Reports have emerged today that Israel has approved a new policy to curb settlement construction, after senior Knesset Members from the Israeli government’s security cabinet voted unanimously on Thursday to establish a new West Bank settlement for the families evicted from the razed Amona settlement outpost.
The new town, which will be located near the West Bank settlements of Shiloh and Eli, is the first government-approved settlement in over 20 years. It is still yet to be approved by the full cabinet.
The Israeli Prime Minister’s Office also announced the approval for the construction of some 2,000 new settlement homes – housing units whose planned construction was first announced in January.
The announcement comes amid negotiations with the US over settlement building.
It has emerged that on Thursday evening, Israel’s Prime Minister Benjamin Netanyahu reportedly told members of the security cabinet that Israel will curb construction in West Bank settlements as a goodwill gesture to US President Donald Trump. Netanyahu said that in addition, Israel will also prevent the construction of any new illegal outposts.
Haaretz reports Netanyahu as stating to the security cabinet: “This is a very friendly administration and we need to be considerate of the President’s requests”.
A White House official said after the announcement that talks between Israel and the US on limiting settlement construction were ongoing, stating that Israel had agreed to a adopt a new policy of restrained settlement construction that takes US President Donald Trump’s “concerns into consideration”.

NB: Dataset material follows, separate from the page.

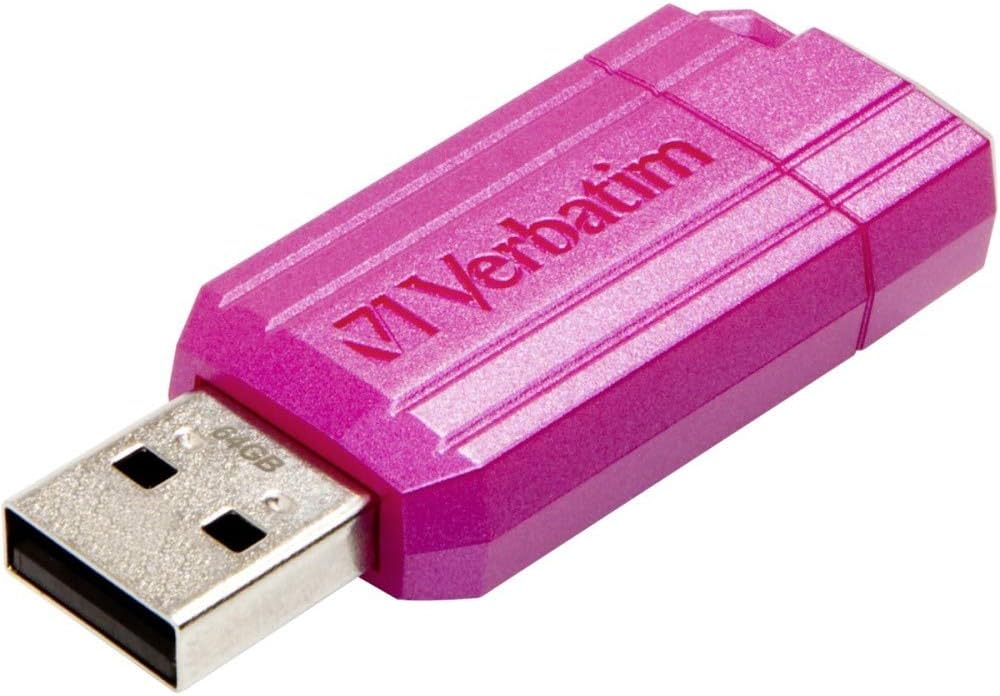 Verbatim PinStripe 64GB USB 2.0 Flash Drive Hot Pink Sliding Connector Laptop TV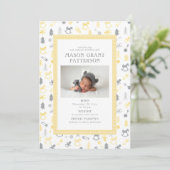 Cartes Pour Fêtes Annuelles Photo de vacances à nouveau-né gris jaune (Debout devant)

The official indicated that Israel’s Amona decision may have remained outside those discussions: “With regards to the new settlement for Amona residents, we would note that the Israeli prime minister made a commitment to the Amona settlers prior to President Trump laying out his expectations, and has consistently indicated that he intended to move forward with this plan”.
Israel stopped establishing new settlements in the early 1990s after the 1993 Oslo Accords, however outposts have been set up since without authorisation then given retroactive approval.
In February, hundreds of Israeli police officers entered the West Bank settlement outpost of Amona following a ruling by Israel’s Supreme Court that said the homes were built on private Palestinian land, and evicted 50 families from their homes before destroying the outpost.
Israel’s Prime Minister Benjamin Netanyahu had earlier promised the Amona residents that he had a personal commitment to re-housing them.